→ **Information provided**
+---+
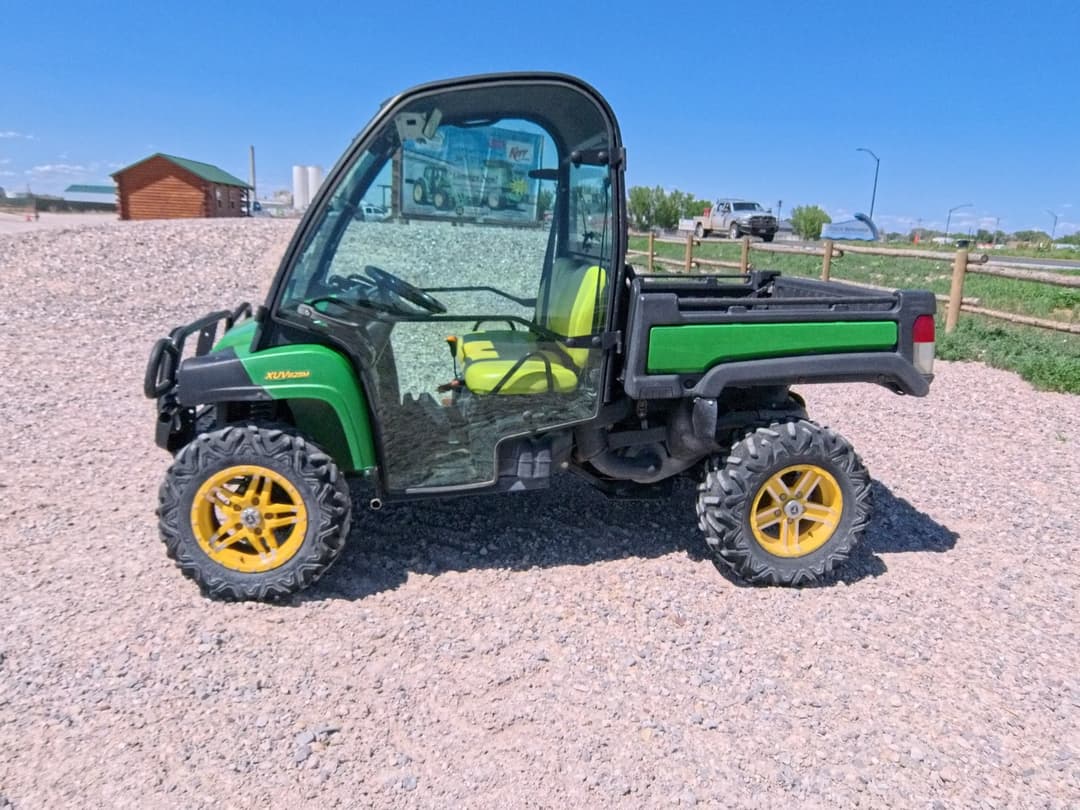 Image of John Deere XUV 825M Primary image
+---+
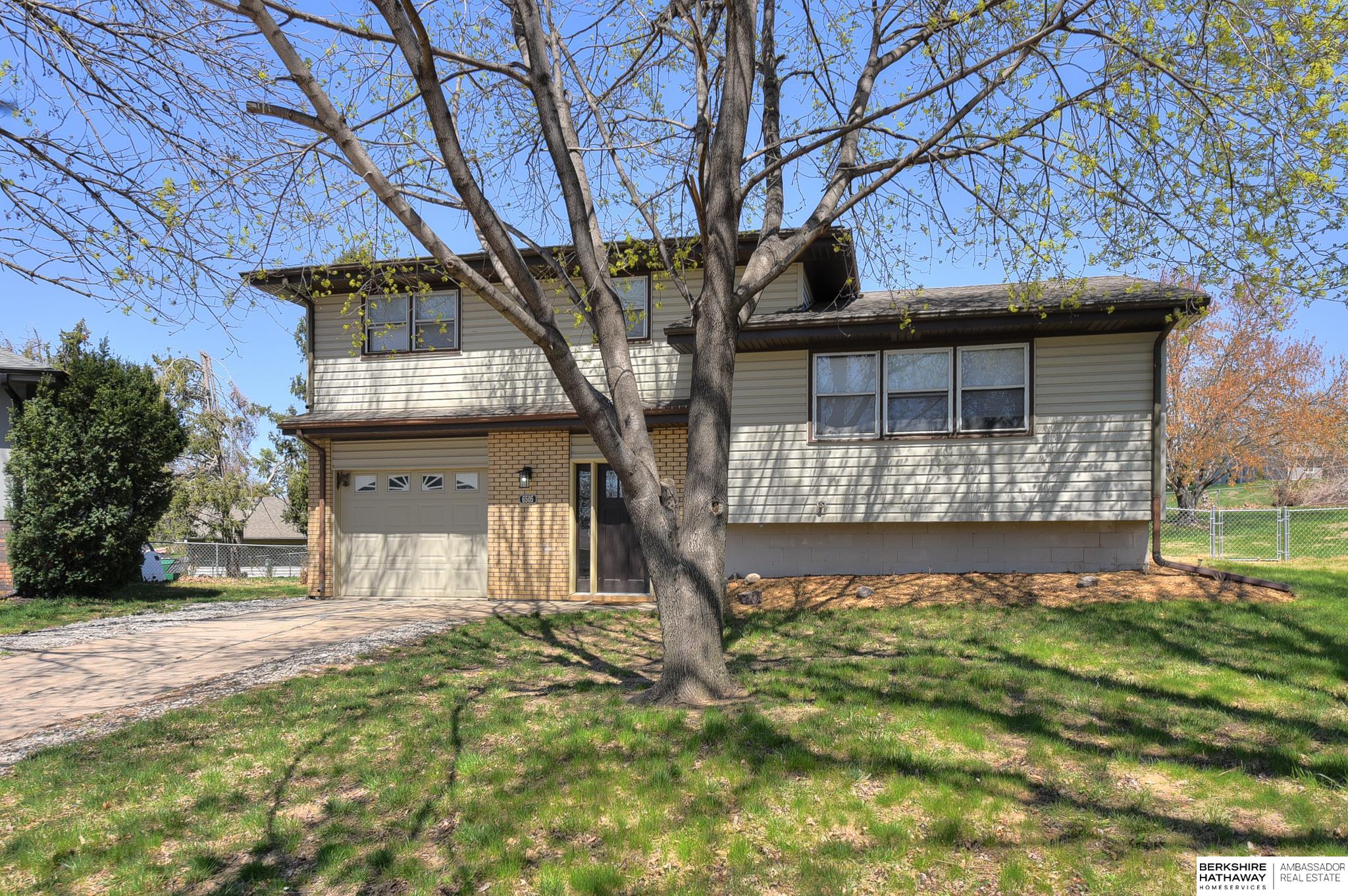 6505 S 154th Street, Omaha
+---+
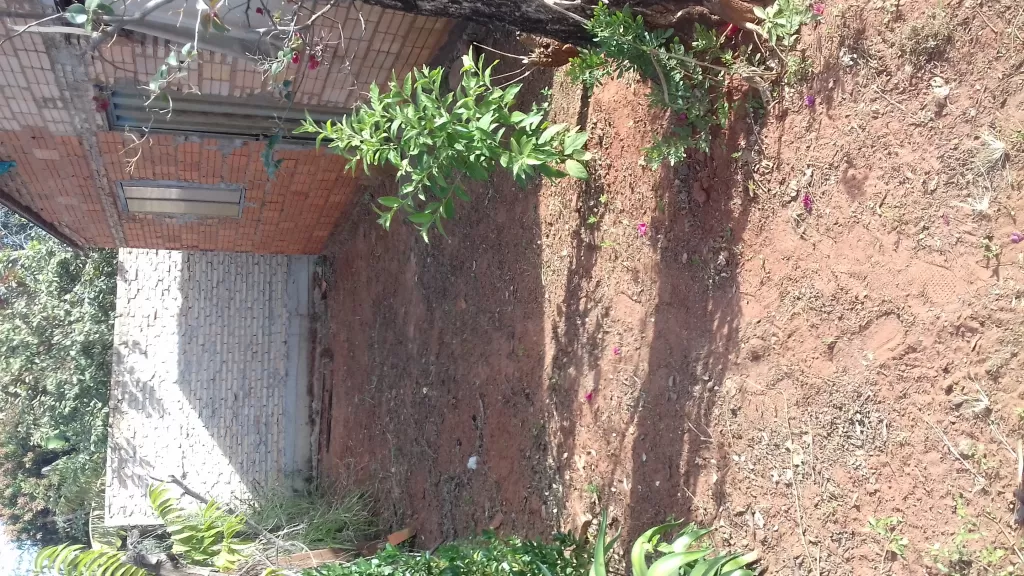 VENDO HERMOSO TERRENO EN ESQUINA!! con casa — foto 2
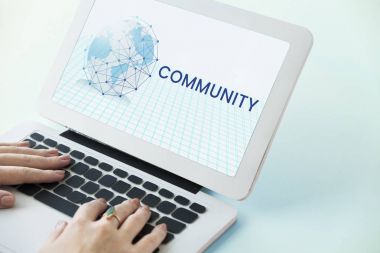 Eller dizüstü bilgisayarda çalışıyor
+---+
→ **Exercise instructions**
Repeat exactly the lines above, from the line that contains "VENDO HERMOSO TERRENO" down through the line that contains "Eller dizüstü bilgisayarda çalışıyor". Include both of those lines and none of the pictures.

→ **Written answer**
 VENDO HERMOSO TERRENO EN ESQUINA!! con casa — foto 2
 Eller dizüstü bilgisayarda çalışıyor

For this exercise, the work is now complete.